A key component of data science is data exploration. Preparing a data set for ML requires understanding the data set, cleaning and manipulating data types and formats, and extracting features for the learning algorithm. These tasks are grouped under the term ETL. ETL is often an iterative, exploratory process. As data sets grow, the interactivity of this process suffers when running on CPUs.
GPUs have been responsible for the advancement of deep learning (DL) in the past several years, while ETL and traditional ML workloads continued to be written in Python, often with single-threaded tools like Scikit-Learn or large, multi-CPU distributed solutions like Spark.
RAPIDS is a suite of open-source software libraries and APIs for executing end-to-end data science and analytics pipelines entirely on GPUs, achieving speedup factors of 50X or more on typical end-to-end data science workflows. RAPIDS accelerates the entire data science pipeline, including data loading, enabling more productive, interactive, and exploratory workflows.

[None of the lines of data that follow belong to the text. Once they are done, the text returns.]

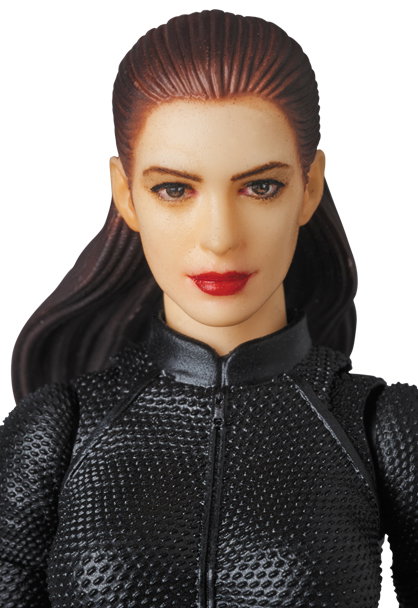 SELINA KYLE Ver.2.0 image 2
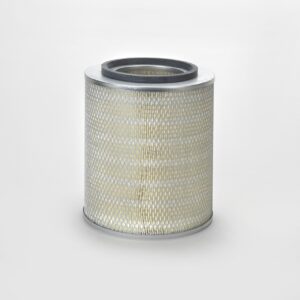 Filtro Donaldson P776260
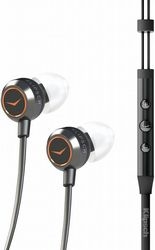 Klipsch Image X4i Earphone Headphone Small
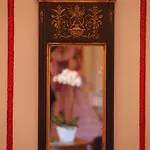 Le Grand - Thermes Napoleon 3* Пломбьер-ле-Бен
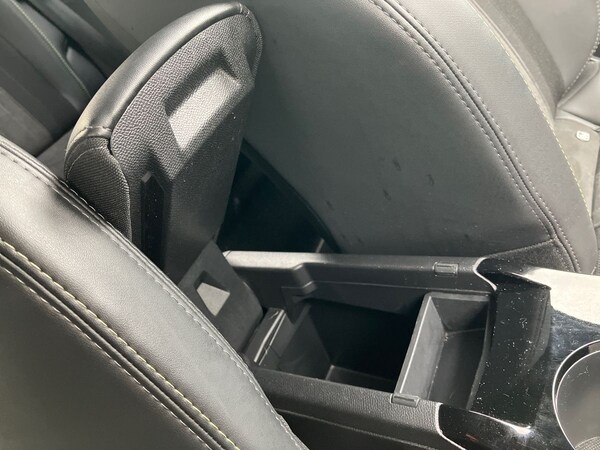 Used Peugeot 208 2022 for sale - 75773795: Photo 39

Built on top of NVIDIA® CUDA®, an architecture and software platform for GPU computing, RAPIDS exposes GPU parallelism and high-bandwidth memory speed through user-friendly APIs. RAPIDS focuses on common data preparation tasks for analytics and data science, offering a powerful GPU DataFrame that is compatible with ApacheArrow data structures with a familiar DataFrame API.

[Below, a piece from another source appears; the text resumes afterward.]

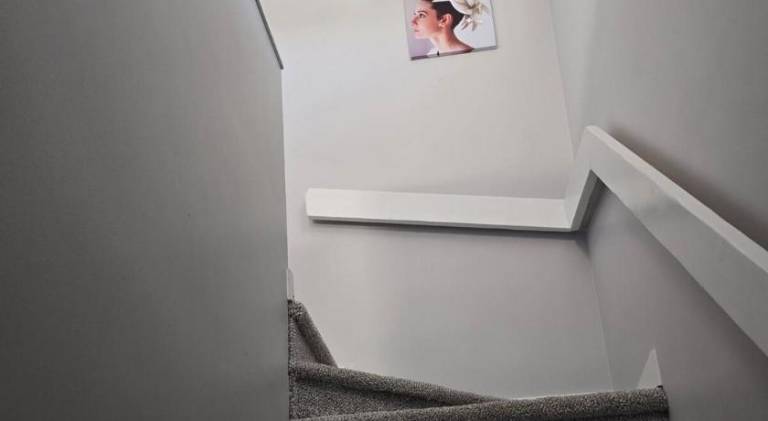 foto13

Apache Arrow specifies a standardized language-independent columnar memory format, optimized for data locality, to accelerate analytical processing performance on modern CPUs or GPUs, and provides zero-copy streaming messaging and interprocess communication without serialization overhead.
The DataFrame API integrates with a variety of ML algorithms without incurring typical serialization and deserialization costs, enabling end-to-end pipeline accelerations.
By hiding the complexities of low-level CUDA programming, RAPIDS creates a simple way to execute data science tasks. As more data scientists use Python and other high-level languages, providing acceleration with minimal to no code change is essential to rapidly improving development time.